--- PROVIDED DATA Enclosed Below ---
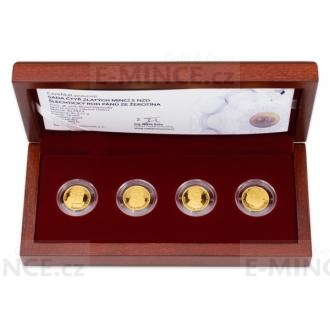 2016 - Niue 20 NZD Set of Four Gold Coins Lords of Zerotin Noble Family - Proof
Click to view the picture detail.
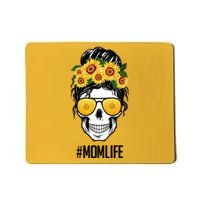 Mom Life Sunflower Skull Mousepad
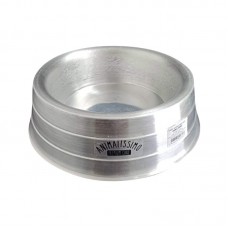 34629 - Comedouro/ Bebedouro para Cães Aluminio Pesado Polido Animalissimo - Tam M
--- End of Enclosed PROVIDED DATA ---
TASK STATEMENT =>
All of the data must be set down exactly, with no pictures included.

RESPONSE FOR THIS EXERCISE =>
 2016 - Niue 20 NZD Set of Four Gold Coins Lords of Zerotin Noble Family - Proof
Click to view the picture detail.
 Mom Life Sunflower Skull Mousepad
 34629 - Comedouro/ Bebedouro para Cães Aluminio Pesado Polido Animalissimo - Tam M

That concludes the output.